EXERCISE INSTRUCTIONS: Output the entries below word for word, stopping once the line containing "Oficiu în Centru, euroreparație, str." is done, and omit each picture.

MATERIAL FOR THIS EXERCISE:
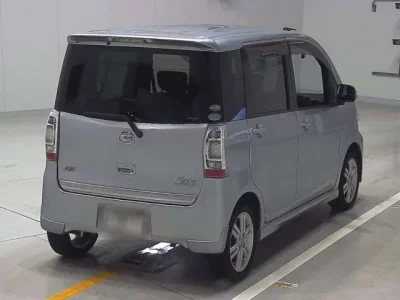 Daihatsu TANTO EXE
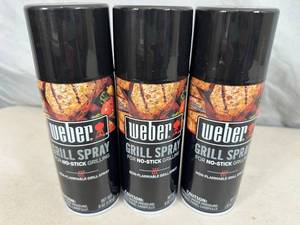 lot 138 image: 3 New Cans of Weber Grill Spray
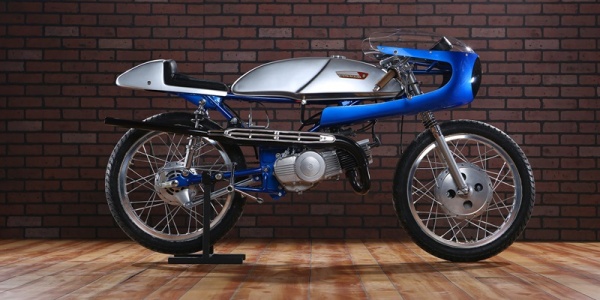 Глава Air-Tech Streamlining выпустил кафе рейсер Suzuki T125 Stinger 1969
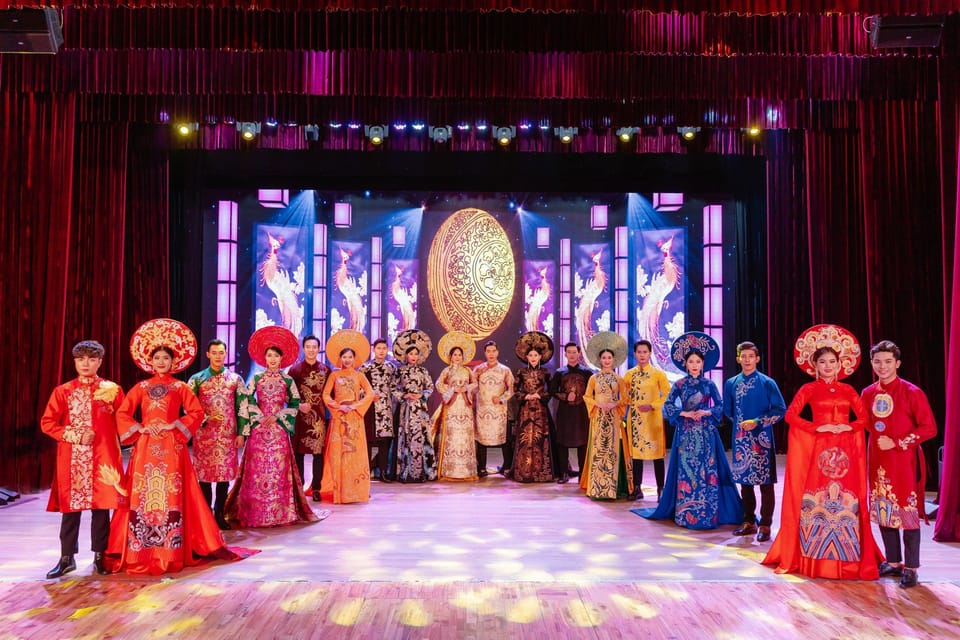 Da Nang The Ao Dai Show: Timeless Vietnamese Elegance - Performance Highlights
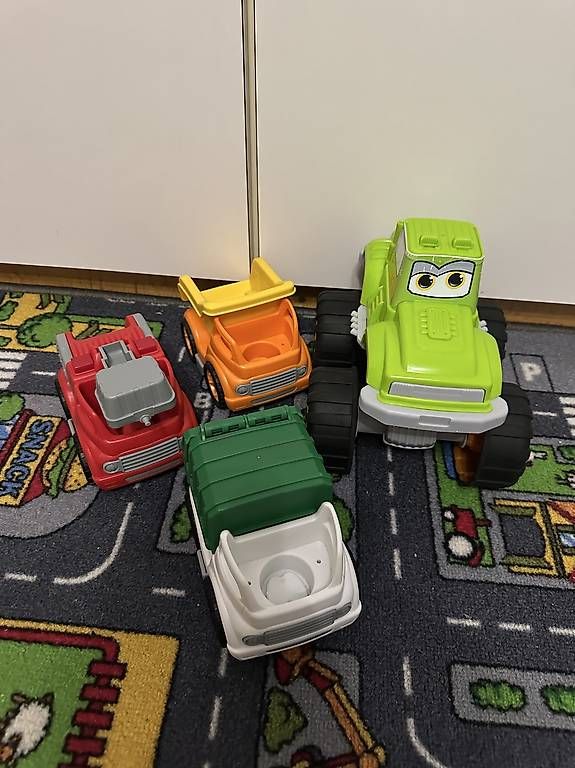 Giocattoli: 4 Spielzeugautos. – Usato da Küssnacht am Rigi venduto da mis_skz5 1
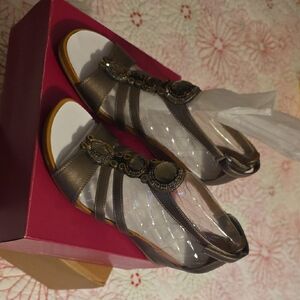 Naturalizer Metallic Bronze T-Strap Jeweled Slingback Sandals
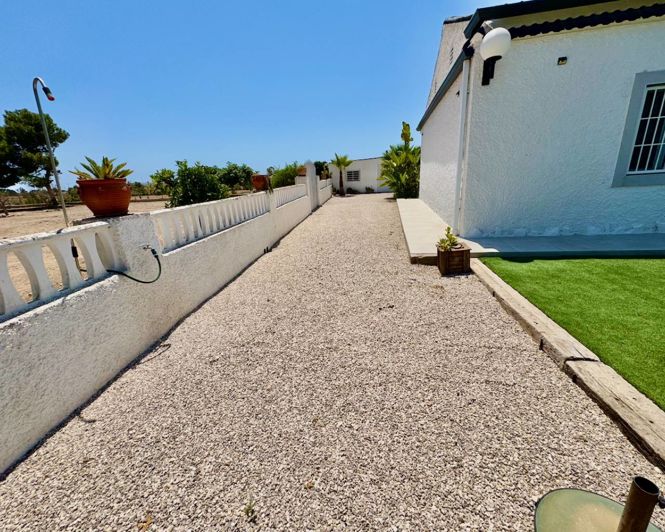 Image No.21-3 Bed Property for sale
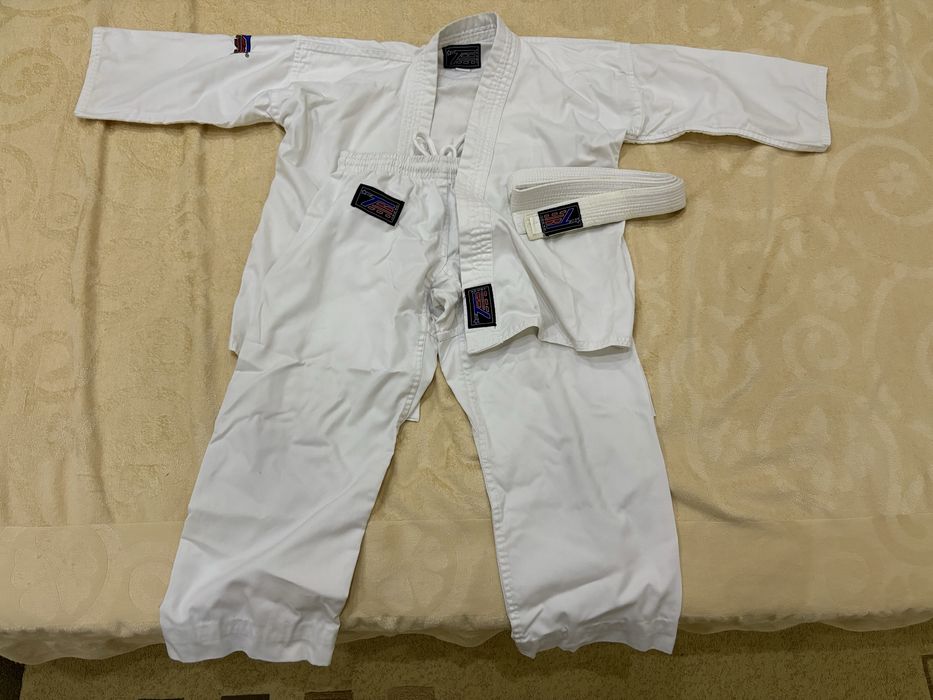 Продается кимоно детское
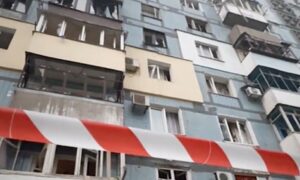Дрони атакували багатоповерхівки у Дніпрі і передмісті: 30 людей вдалося врятувати (відео)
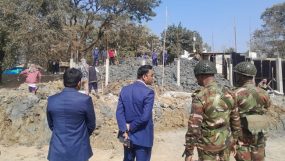 গোয়াইনঘাটে অবৈধ স্থাপনা উচ্ছেদ অভিযানে পরিচালনা করেন – এক্সিকিউটিভ ম্যাজিস্ট্রেট ওমর ফারুক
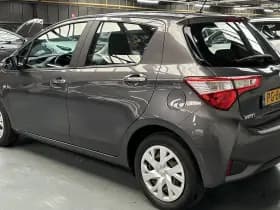 Toyota Yaris thumbnail 18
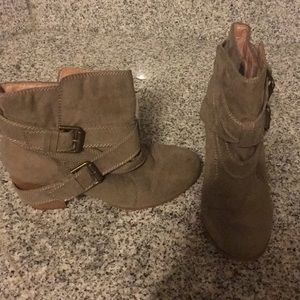 Ankle booties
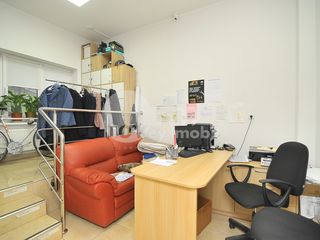 Oficiu în Centru, euroreparație, str. Armenească, 2200 € ! foto 2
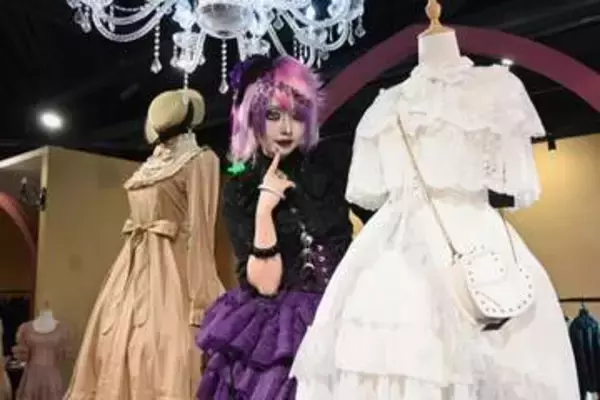 インフルエンサーも日本映画見てロリータ服　日本発カワイイ文化、中国人女性に広がる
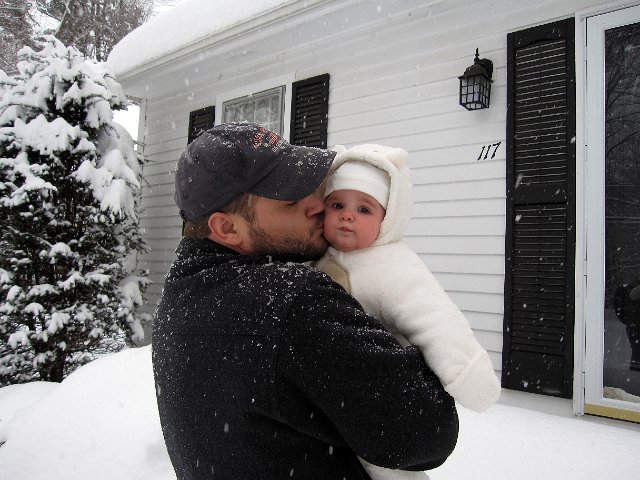 IMG_5147b.jpg - Some fun snow time with Dad ...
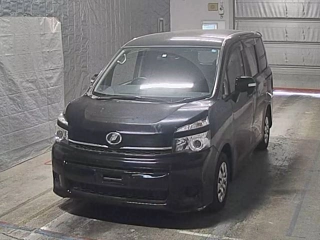 TOYOTA VOXY 2013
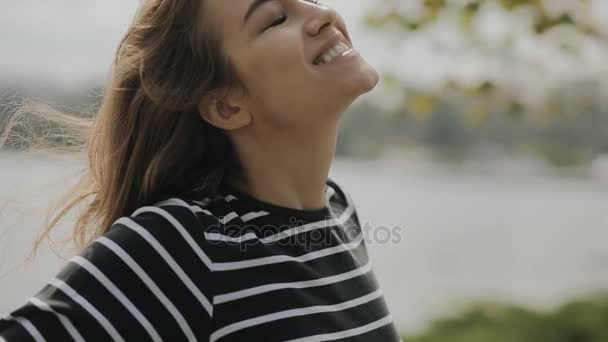 Щаслива жінка на відкритому повітрі насолоджується природою — стокове відео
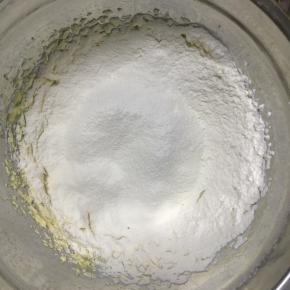 过筛加入低筋面粉，用刮刀翻拌均匀，再轻揉成团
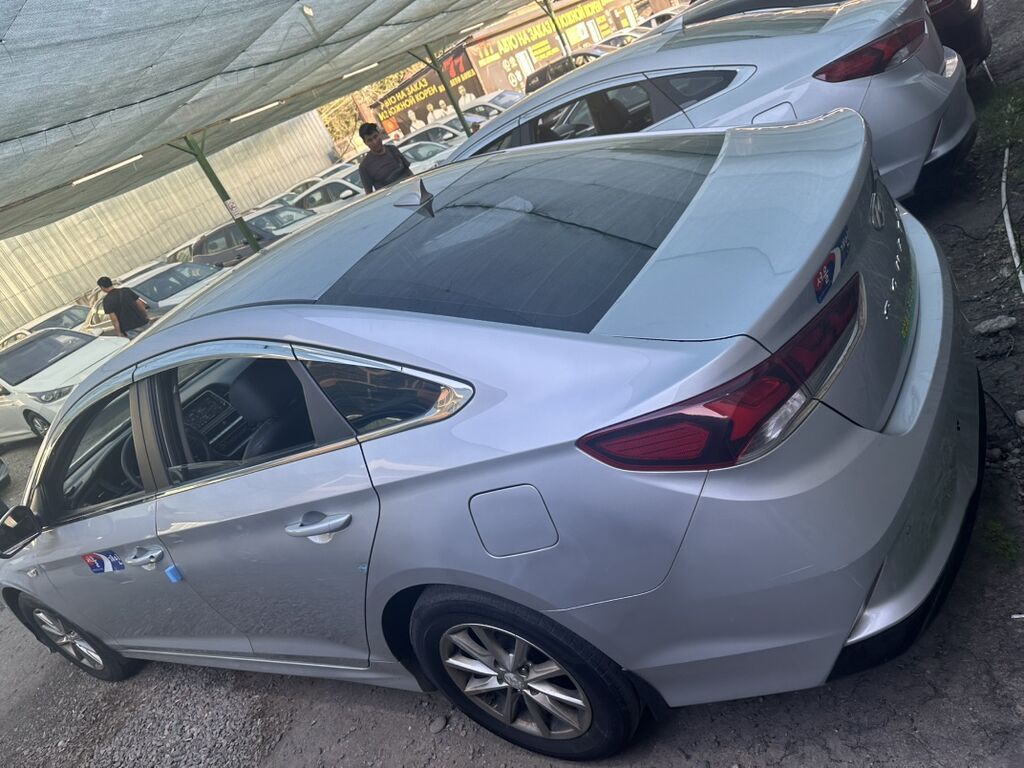 Hyundai Sonata: 2020 г., 2 л, Автомат, Газ, Седан: фото 2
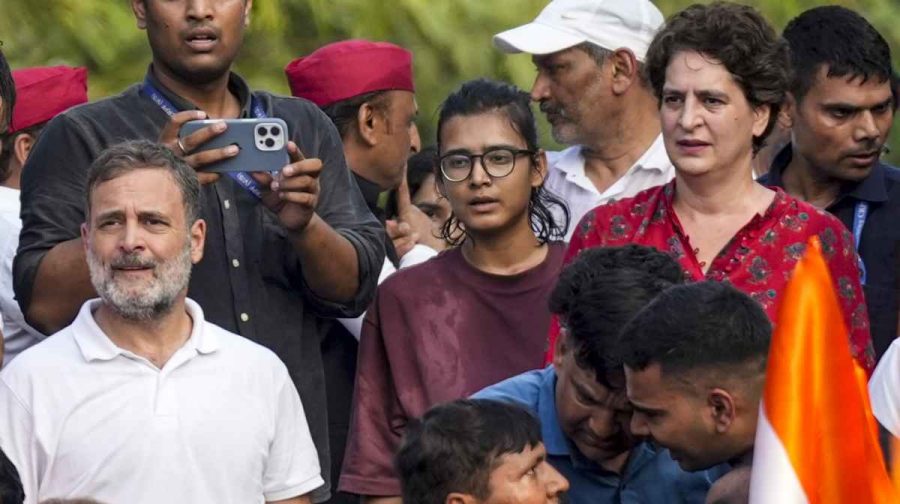 ഇന്ത്യ സഖ്യത്തിന്‍റെ സുപ്രിംകോടതി മാര്‍ച്ചിനിടെ പ്രതിപക്ഷ നേതാവ് രാഹുല്‍ ഗാന്ധി (AP Photo/Prabhat Mehrotra)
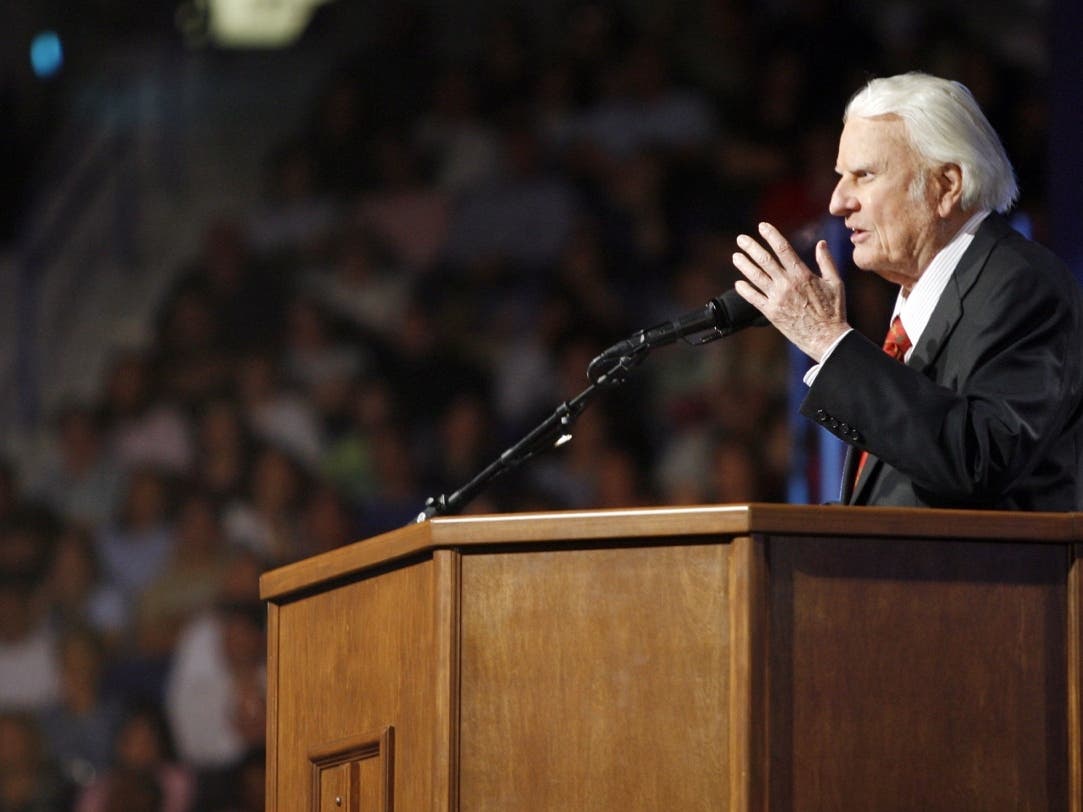 Charlotte artist and sculptor Chas Fagan has received approval of his model of a statue of evangelist Billy Graham, which will be housed at the U.S. Capitol upon its completion. 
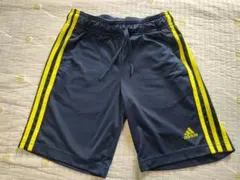 アディダス　ハーフパンツ　130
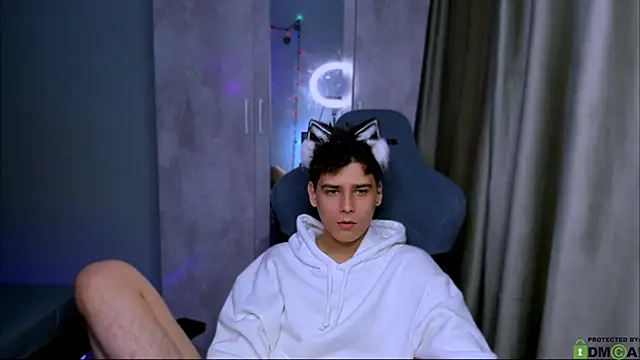 Snapshot of Foxicfu chatting on February 11, 2025, 11:42 am Foxicfu online show from February 11, 2025, 11:42 am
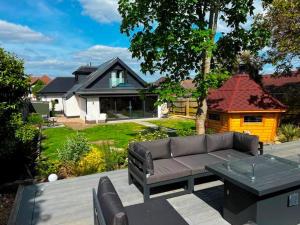 DRIFTWOOD by BOURNECOAST - An Exquisite Chalet Bungalow with a Sauna, BBQ Hut and Garden - HB6339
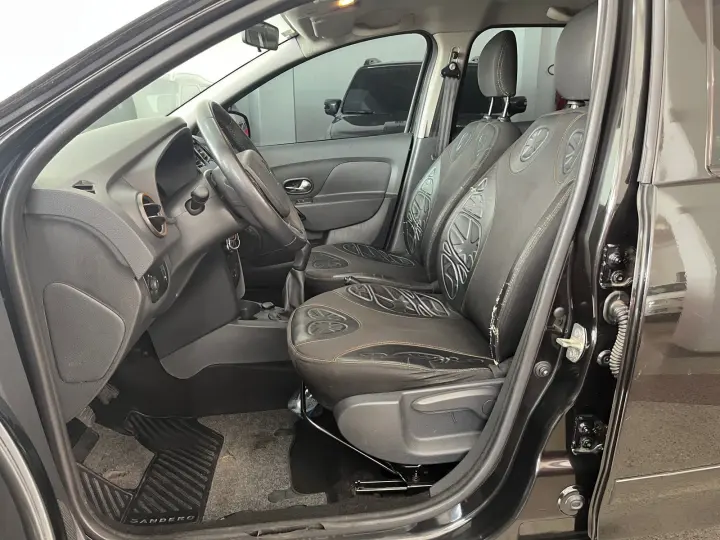 SANDERO 1.6 Stepway 8V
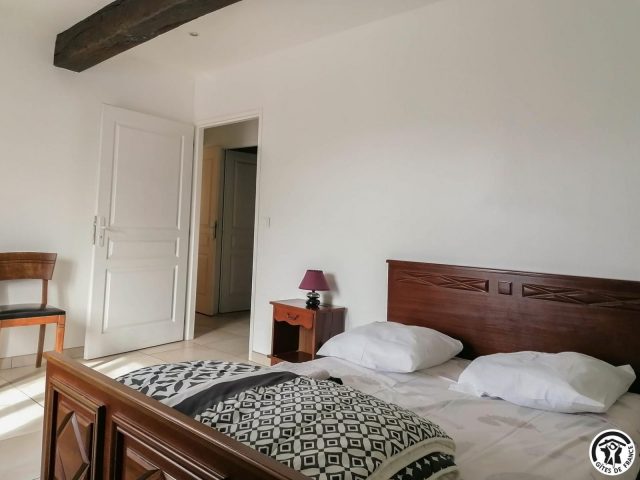 31G101082-2f660f6d142f466aac6b127be2b25b82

WRITTEN RESPONSE:
 Daihatsu TANTO EXE
 lot 138 image: 3 New Cans of Weber Grill Spray
 Глава Air-Tech Streamlining выпустил кафе рейсер Suzuki T125 Stinger 1969
 Da Nang The Ao Dai Show: Timeless Vietnamese Elegance - Performance Highlights
 Giocattoli: 4 Spielzeugautos. – Usato da Küssnacht am Rigi venduto da mis_skz5 1
 Naturalizer Metallic Bronze T-Strap Jeweled Slingback Sandals
 Image No.21-3 Bed Property for sale
 Продается кимоно детское
Дрони атакували багатоповерхівки у Дніпрі і передмісті: 30 людей вдалося врятувати (відео)
 গোয়াইনঘাটে অবৈধ স্থাপনা উচ্ছেদ অভিযানে পরিচালনা করেন – এক্সিকিউটিভ ম্যাজিস্ট্রেট ওমর ফারুক
 Toyota Yaris thumbnail 18
 Ankle booties
 Oficiu în Centru, euroreparație, str. Armenească, 2200 € ! foto 2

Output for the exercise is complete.